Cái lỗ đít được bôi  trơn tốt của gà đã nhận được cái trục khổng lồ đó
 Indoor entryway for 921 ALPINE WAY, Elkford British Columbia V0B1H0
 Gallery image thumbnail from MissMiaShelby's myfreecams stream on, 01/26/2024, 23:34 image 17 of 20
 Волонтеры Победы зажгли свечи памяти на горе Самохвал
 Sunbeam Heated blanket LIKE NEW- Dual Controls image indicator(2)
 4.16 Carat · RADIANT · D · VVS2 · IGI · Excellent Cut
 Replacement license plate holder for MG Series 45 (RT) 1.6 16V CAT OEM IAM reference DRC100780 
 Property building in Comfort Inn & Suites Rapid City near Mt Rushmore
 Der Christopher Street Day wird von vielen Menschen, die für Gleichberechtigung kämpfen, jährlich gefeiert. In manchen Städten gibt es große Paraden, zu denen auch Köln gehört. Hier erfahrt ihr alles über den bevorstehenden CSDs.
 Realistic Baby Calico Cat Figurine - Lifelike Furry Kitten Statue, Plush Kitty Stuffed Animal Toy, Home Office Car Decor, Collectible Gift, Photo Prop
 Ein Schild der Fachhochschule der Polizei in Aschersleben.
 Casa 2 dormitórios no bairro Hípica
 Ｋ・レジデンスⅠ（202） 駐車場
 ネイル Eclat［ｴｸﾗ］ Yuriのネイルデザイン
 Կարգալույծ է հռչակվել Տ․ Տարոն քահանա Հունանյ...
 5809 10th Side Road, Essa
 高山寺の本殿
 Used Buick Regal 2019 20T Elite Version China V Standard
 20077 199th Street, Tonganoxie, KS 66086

__________

§ Problem details: Scan the data for lines with the word "Street". Report only how many there are.

§ Written response: 2